The outer solar system is the region of space beyond the planet Neptune, and the last frontier. The Voyager 1 and 2 spacecraft have passed beyond the orbit of Neptune, but have not encountered any more worlds.

That all changed with the New Horizons mission. The spacecraft spent 10 years flying out to Pluto, and then swept past the ​dwarf planet on July 14, 2015. It not only looked at Pluto and its five known moons, but the spacecraft's cameras mapped part of the surface.

Other instruments concentrated on finding out more about the atmosphere.

New Horizons mages show that Pluto has a complex surface with icy plains made of nitrogen ice, surrounded by jagged mountains consisting mostly of water ice. It turns out that Pluto was far more fascinating than anyone expected! 

Now that it has passed Pluto, New Horizons will explore the Kuiper Belt — a region of the solar system that stretches out beyond the planet Neptune and populated with so-called Kuiper Belt Objects (KBOs).
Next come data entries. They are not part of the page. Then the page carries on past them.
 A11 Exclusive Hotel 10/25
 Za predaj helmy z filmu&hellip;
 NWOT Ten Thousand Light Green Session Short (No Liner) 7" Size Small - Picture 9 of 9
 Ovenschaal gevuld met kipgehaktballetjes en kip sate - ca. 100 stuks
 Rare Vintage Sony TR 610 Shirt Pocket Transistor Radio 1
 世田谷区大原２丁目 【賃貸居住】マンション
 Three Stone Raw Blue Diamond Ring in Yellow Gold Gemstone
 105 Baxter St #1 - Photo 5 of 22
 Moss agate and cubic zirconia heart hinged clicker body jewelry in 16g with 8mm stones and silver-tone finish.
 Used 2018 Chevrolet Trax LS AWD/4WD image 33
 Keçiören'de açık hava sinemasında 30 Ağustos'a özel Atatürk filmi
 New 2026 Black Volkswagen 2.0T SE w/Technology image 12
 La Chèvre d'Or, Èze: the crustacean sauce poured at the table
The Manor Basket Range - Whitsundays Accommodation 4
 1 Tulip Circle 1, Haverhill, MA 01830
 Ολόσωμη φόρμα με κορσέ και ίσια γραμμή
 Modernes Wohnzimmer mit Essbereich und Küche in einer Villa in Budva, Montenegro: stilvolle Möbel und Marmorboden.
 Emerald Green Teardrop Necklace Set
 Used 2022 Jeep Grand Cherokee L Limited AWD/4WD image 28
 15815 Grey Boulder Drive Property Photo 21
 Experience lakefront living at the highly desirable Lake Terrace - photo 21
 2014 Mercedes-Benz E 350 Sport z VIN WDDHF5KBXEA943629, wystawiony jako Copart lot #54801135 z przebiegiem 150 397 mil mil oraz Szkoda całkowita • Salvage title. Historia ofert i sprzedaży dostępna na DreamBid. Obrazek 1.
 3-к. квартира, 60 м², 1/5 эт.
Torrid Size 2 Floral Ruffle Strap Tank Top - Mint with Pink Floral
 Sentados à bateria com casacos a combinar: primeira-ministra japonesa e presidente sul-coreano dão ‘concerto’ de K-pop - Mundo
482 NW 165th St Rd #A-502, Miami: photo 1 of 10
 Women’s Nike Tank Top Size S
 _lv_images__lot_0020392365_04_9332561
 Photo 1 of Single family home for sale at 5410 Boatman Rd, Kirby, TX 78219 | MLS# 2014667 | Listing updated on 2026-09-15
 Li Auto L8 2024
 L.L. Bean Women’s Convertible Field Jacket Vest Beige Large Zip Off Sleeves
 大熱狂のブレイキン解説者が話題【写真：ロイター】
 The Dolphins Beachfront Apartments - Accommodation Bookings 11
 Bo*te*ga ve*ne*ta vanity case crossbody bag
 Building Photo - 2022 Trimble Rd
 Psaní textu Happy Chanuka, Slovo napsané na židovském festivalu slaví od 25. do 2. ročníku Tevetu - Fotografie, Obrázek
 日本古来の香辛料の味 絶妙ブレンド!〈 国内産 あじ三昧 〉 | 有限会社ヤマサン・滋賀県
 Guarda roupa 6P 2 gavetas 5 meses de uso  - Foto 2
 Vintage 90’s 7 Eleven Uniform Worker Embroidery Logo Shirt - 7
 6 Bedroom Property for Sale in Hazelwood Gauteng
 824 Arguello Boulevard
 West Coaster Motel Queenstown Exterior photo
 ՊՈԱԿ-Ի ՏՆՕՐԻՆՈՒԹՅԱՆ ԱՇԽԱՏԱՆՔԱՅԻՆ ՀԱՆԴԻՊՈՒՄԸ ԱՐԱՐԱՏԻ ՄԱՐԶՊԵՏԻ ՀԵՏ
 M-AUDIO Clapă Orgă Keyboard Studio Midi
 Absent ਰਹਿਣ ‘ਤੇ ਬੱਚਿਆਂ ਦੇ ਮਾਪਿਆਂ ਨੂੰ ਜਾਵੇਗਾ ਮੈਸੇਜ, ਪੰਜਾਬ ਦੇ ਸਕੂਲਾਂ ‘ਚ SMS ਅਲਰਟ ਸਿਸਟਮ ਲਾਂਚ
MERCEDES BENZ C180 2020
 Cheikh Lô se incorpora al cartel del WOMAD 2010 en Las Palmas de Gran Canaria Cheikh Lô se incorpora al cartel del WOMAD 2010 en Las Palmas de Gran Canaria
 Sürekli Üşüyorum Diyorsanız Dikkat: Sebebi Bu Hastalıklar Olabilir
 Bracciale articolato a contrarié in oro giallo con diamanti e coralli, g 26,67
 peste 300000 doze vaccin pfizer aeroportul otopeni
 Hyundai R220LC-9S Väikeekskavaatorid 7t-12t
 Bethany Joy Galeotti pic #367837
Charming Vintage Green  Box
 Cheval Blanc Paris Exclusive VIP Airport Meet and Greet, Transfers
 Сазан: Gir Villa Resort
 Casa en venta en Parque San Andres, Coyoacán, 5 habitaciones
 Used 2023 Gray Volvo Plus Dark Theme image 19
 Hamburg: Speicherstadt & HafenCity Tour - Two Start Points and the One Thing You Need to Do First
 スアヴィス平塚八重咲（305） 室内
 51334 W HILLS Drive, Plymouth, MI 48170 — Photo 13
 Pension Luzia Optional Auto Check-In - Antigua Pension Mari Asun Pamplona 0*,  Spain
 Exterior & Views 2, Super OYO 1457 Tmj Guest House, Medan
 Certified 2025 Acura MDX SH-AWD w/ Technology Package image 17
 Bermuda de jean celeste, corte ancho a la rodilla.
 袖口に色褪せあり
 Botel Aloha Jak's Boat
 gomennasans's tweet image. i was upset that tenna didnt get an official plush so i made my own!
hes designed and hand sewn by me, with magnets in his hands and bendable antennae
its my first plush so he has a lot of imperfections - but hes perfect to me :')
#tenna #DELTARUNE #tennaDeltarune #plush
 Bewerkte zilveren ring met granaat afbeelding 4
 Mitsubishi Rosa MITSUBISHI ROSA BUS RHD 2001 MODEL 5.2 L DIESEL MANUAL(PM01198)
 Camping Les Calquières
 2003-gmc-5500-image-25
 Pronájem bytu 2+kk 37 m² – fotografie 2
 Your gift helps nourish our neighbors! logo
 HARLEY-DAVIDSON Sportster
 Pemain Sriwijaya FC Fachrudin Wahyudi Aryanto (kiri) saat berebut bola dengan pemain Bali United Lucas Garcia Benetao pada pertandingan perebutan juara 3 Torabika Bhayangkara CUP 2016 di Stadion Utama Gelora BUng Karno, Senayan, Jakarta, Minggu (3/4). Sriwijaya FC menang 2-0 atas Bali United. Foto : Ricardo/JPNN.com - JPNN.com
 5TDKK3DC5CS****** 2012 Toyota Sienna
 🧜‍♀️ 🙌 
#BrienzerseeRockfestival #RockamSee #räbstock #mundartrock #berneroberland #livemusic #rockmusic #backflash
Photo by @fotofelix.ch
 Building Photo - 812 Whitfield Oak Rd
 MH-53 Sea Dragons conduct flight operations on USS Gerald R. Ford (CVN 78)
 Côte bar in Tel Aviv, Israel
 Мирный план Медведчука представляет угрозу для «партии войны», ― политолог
The best-known KBOs are dwarf planets Pluto, Haumea, Makemake, Eris, and Haumea. The mission has been approved to visit another dwarf planet called 2014 MU69, and will sweep past it on January 1, 2018. Luckily, this little world lies right along the mission's flight path. 

In the far distant future, New Horizons will enter the fringes of the Oort Cloud (the shell of icy particles that surrounds the solar system, named for astronomer Jan Oort).

 After that, it will traverse space forever. 

New Horizons: Its Eyes and Ears​

New Horizons science instruments were designed to answer questions about Pluto, such as: what does its surface look like? What surface features does it have, such as impact craters or canyons, or mountains? What's in its atmosphere?

Let's take a look at the spacecraft and its specialized "eyes and ears" that have shown us so much about Pluto. 

Ralph: a high-resolution mapper with visible and infrared cameras to gather data that will help create very good maps of Pluto and Charon.

Alice: an imaging spectrometer sensitive to ultraviolet light, and built to probe Pluto’s atmosphere. A spectrometer separates light into its wavelengths, like a prism does. Alice works to produce an image of the target at each wavelength, and will be able to study the “airglow” at Pluto. Airglow happens when gases in the atmosphere are excited (heated). Alice will track light from a distant star or the Sun through Pluto’s atmosphere to pick out wavelengths of light absorbed by Pluto's air, which tells us what the atmosphere contains.

REX: short for "radio experiment." It contains sophisticated electronics and is part of the radio telecommunications system. It can measure the weak radio emission from Pluto, and take the temperature of its night side. 

LORRI: the Long Range Reconnaissance Imager,a telescope with a 8.2-inch (20.8-centimeter) aperture that focuses visible light onto a charge coupled device (CCD). Near the time of closest approach, LORRI was built to look at Pluto's surface at football-field size resolution.You can see some early images from LORRI here.

Pluto travels through the solar wind, a stream of charged particles sweeping out from the Sun. So, New Horizons has the Solar Wind Around Pluto (SWAP) detector to measure charged particles from the solar wind to determine whether Pluto has a magnetosphere (a zone of protection created by its magnetic field) and how fast the Plutonian atmosphere is escaping.

New Horizons has another plasma-sensing instrument called the Pluto Energetic Particle Spectrometer Science Investigation (PEPSSI). It will search for neutral atoms that escape Pluto's atmosphere and subsequently become charged by their interaction with the solar wind.

New Horizons involved college students from the University of Colorado as builders of the Venetia Burney Student Dust Counter, which counts and measures the sizes of dust particles in interplanetary space.